A solid hardboiled Ace Double Western from one of the most reliable authors in the genre. Gun-for-hire Thorpe Halloran sets out on a personal mission for a change, the search for the corrupt army officer responsible for the theft of a large payroll and the murder of sixteen soldiers, including Thorpe’s younger brother. Heuman mixes in a bit of a range war plot and a romantic triangle in this vengeance quest yarn and does a good job of bringing everything to a satisfactory climax with a nice shootout in a ghost town. A few bits get a little repetitive, which keeps this from landing in the top rank of Heuman’s work, but it’s still very entertaining and well worth reading. His books and stories usually have good opening lines and this one is no exception:  The way Thorpe Halloran had it figured out, a man was going to die this night. I kind of had to keep turning the pages after that.

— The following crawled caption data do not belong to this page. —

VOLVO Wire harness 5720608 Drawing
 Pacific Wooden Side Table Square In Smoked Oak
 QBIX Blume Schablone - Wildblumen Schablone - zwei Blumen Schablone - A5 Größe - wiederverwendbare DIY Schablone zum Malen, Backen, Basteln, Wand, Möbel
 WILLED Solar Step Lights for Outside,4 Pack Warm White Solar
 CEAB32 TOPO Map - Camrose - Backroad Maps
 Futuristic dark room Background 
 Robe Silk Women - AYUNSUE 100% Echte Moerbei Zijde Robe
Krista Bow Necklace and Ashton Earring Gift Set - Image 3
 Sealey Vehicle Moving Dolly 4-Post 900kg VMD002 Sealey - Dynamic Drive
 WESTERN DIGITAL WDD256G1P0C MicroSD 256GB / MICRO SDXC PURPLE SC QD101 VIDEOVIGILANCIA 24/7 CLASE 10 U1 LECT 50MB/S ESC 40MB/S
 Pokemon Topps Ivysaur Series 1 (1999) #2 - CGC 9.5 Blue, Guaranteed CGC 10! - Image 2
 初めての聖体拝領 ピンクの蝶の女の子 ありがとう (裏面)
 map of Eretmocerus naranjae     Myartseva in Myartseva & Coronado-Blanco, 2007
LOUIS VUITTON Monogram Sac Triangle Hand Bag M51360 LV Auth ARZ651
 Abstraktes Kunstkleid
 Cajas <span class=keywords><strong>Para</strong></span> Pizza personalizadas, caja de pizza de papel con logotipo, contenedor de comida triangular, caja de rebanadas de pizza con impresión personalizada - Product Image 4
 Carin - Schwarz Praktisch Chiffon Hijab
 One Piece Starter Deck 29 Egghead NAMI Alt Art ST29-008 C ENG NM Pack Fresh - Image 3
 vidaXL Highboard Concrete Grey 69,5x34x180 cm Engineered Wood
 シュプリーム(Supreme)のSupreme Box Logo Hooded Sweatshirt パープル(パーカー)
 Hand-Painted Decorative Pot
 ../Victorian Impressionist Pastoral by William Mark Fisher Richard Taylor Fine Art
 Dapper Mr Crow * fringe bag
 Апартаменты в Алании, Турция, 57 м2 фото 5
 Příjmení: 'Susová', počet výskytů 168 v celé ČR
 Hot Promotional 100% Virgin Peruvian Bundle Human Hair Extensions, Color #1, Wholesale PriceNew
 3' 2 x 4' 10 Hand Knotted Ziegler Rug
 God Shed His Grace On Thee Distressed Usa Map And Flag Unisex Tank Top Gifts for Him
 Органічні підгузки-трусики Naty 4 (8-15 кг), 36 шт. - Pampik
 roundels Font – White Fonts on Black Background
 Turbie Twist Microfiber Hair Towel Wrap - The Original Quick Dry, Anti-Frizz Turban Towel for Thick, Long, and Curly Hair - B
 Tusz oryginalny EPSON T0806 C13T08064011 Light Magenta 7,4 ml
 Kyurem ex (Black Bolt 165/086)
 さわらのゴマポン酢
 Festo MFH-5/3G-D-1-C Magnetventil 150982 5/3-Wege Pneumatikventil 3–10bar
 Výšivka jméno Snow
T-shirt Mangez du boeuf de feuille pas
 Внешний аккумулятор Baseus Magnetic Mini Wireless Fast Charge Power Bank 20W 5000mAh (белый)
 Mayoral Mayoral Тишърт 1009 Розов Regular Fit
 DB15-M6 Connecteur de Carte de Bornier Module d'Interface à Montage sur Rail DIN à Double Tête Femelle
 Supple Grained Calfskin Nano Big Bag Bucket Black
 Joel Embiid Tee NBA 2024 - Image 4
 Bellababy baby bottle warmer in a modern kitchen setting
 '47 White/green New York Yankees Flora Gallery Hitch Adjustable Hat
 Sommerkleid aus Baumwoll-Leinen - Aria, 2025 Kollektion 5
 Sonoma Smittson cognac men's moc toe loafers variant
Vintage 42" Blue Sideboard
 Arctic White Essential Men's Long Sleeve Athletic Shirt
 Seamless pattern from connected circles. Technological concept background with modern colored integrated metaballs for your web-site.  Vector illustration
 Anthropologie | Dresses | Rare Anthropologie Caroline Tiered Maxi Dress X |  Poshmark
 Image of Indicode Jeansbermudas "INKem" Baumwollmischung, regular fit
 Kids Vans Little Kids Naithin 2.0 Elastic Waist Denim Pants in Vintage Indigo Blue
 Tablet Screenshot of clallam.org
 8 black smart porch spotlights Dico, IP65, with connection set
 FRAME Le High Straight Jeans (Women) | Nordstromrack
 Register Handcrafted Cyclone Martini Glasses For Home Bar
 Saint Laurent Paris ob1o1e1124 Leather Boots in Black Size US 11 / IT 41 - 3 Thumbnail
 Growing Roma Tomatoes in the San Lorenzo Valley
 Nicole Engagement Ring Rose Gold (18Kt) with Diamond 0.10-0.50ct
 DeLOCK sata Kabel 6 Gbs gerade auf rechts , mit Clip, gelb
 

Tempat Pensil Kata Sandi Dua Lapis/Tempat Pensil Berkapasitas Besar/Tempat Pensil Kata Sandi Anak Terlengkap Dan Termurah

Tuesday, November 14, 2023

Men's Adventure Quarterly #9: Croc Attack! - Robert Deis and Bill Cunningham, eds.

Editors Robert Deis and Bill Cunningham deliver another winner in CROC ATTACK!, the ninth issue of MEN’S ADVENTURE QUARTERLY, the beautifully illustrated journal that reprints the best of the Men’s Adventure Magazines from the Fifties, Sixties, and Seventies. Authors included in this collection of stories about humans battling with crocodiles and alligators are paperbacker Robert Edmond Alter (one of my favorites), pulpster Brian O’Brien, and MAM veteran Leon Lazarus, along with a number of pseudonyms concealing unknown authors. And plenty of wonderful artwork, of course. A gorgeous package and great fun to read, as always. Highly recommended, available in paperback and e-book editions at Amazon.

Monday, November 13, 2023

Flesh Fix - William Kane (Ben Haas)

Political corruption, blackmail, bribery, and multiple murders all figure in the plot of FLESH FIX, a crime novel masquerading as sleaze as so many of those softcore books are. Ben Haas’s writing is smooth and fast, as always, and kept me flipping the pages in this tale of a formerly honest reporter trying to regain his self-respect after being roped into a crooked politician’s inner circle. And to be fair, there actually is quite a bit of sex in this novel, and it’s fairly graphic for 1964. It’s a good yarn and I enjoyed it.

Sunday, November 12, 2023

Blog Update

A series of real-life issues, some unforeseen and some we knew were coming, has kept me from posting here in recent days. I considered leaving the blog up but closing it down as far as new posts. However, I don't want to do that. If I can keep it going until next summer, that'll be 20 years, and that's a good run. (The WesternPulps email group will turn 25 next spring, and I intend to continue with it, too.)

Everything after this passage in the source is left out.